##### Records for processing
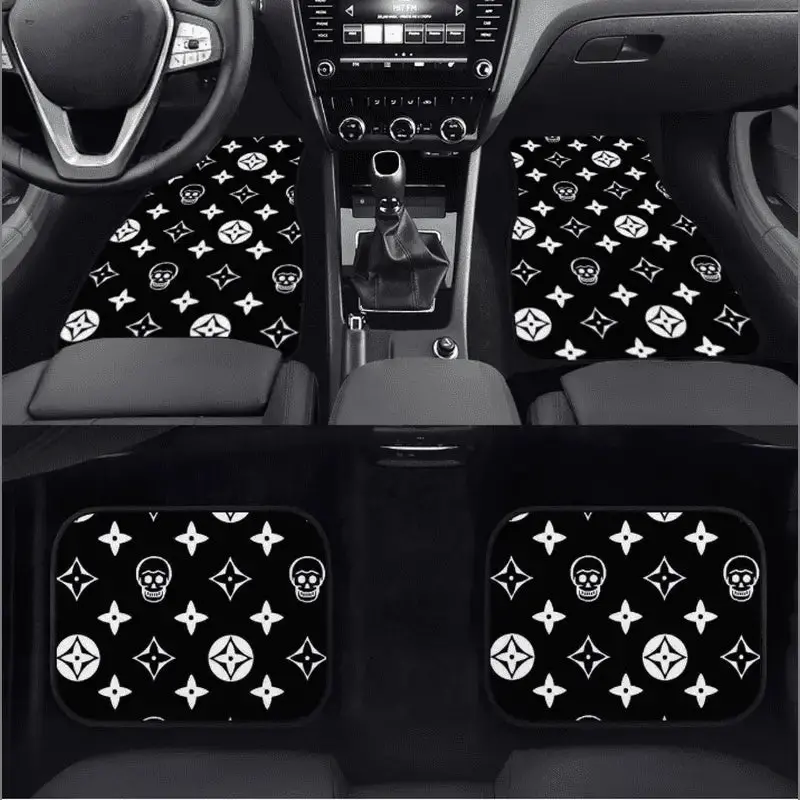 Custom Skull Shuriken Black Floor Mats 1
##########
##### Records for processing
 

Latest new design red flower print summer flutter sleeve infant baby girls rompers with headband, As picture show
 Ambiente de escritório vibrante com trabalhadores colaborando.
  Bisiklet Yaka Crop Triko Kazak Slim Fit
##########
Where the listing above reaches the line that contains "Ambiente de escritório", start retyping, and finish with the line that contains "Bisiklet Yaka Crop Triko Kazak Slim Fit"; reproduce those lines exactly and no others.

 Ambiente de escritório vibrante com trabalhadores colaborando.
  Bisiklet Yaka Crop Triko Kazak Slim Fit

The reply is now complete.